Constructing the Pythagorean C scale — step by step (clean math)
Start at C = 261.63 Hz. Use ×3/2 to go up a fifth; if the result leaves the C–C octave, divide by 2 to bring it back.
| C | 261.63 Hz (given) |
| G = C × 3/2 | 261.63 × 1.5 = 392.445 → 392.45 Hz |
| D = G × 3/2 | 392.445 × 1.5 = 588.6675 → ÷2 to fit octave = 294.33375 → 294.33 Hz |
| A = D × 3/2 | 294.33375 × 1.5 = 441.500625 → 441.50 Hz |
| E = A × 3/2 | 441.500625 × 1.5 = 662.2509375 → ÷2 = 331.12546875 → 331.13 Hz |
| B = E × 3/2 | 331.12546875 × 1.5 = 496.688203125 → 496.69 Hz |
| F (special rule) = C × 2/3 (length) → frequency = C × 3/2? Wait — clearer: to find F the worksheet said: "starting note for F is middle C and is 2/3 below C (not above)." That means the length giving F is 2/3 of C's length below (so frequency = C × 2/3? No — the safe direct calculation is below) | Better: use the instruction: F is 2/3 below C in length: frequency = C × (1 / (2/3))? That would make it above — easier to apply the worksheet instruction exactly: the frequency 2/3 below C in length is C × 2/3 = 174.42 Hz, then bring up one octave (×2) to fit inside C octave: 174.42 × 2 = 348.84 Hz → F = 348.84 Hz |
| Top C | 261.63 × 2 = 523.26 Hz |
Final Pythagorean C scale (rounded to 2 d.p.)
- C — 261.63 Hz
- D — 294.33 Hz
- E — 331.13 Hz
- F — 348.84 Hz
- G — 392.45 Hz
- A — 441.50 Hz
- B — 496.69 Hz
- C — 523.26 Hz
Conclusion — verdict (brief, stylish)
The student demonstrated correct understanding of the ratio concepts and most final numbers are close. Minor arithmetic rounding and a little symbolic confusion appeared in intermediate work (the 2/3 algebra was written awkwardly), but the final scale the student wrote out essentially matches the correct Pythagorean values above (I corrected tiny rounding differences and explained the F calculation).

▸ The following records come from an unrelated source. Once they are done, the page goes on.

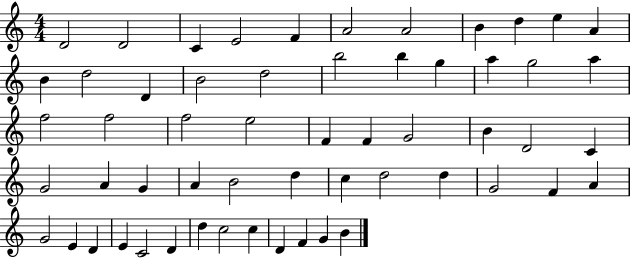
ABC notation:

X:1
T:Untitled
M:4/4
L:1/4
K:C
D2 D2 C E2 F A2 A2 B d e A B d2 D B2 d2 b2 b g a g2 a f2 f2 f2 e2 F F G2 B D2 C G2 A G A B2 d c d2 d G2 F A G2 E D E C2 D d c2 c D F G B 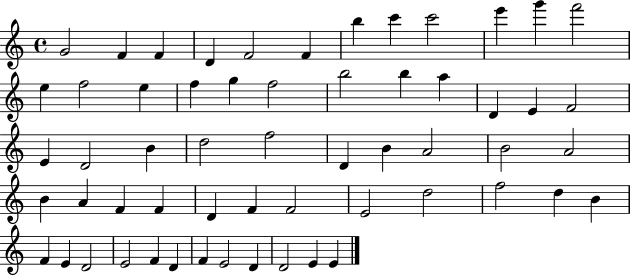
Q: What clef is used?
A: treble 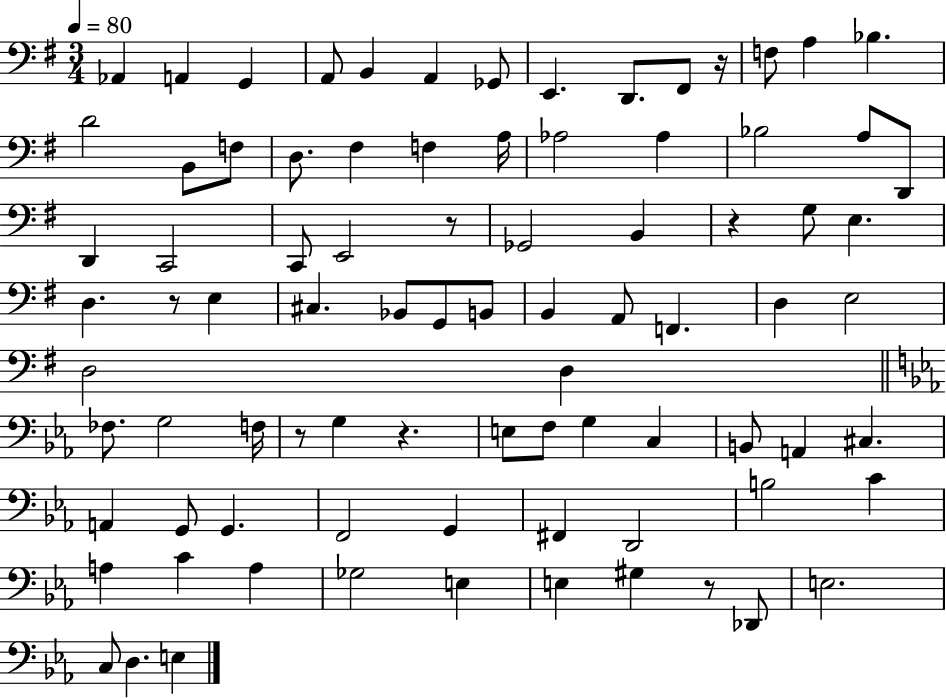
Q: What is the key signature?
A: G major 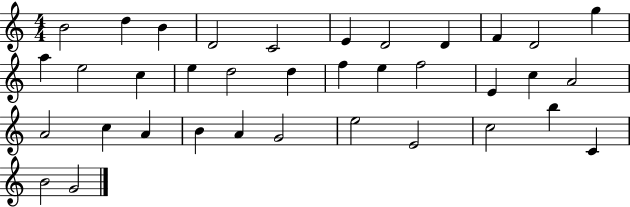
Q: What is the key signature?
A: C major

Exemplary outcome: conceptually sound and practically accurate — well done. (Cue the soft chime — Ally would be proud.)
If you want, I can show the same scale with fractions/ratios instead of decimals, or show how these Pythagorean frequencies compare with equal temperament (modern tuning) — quick, neat, and musical.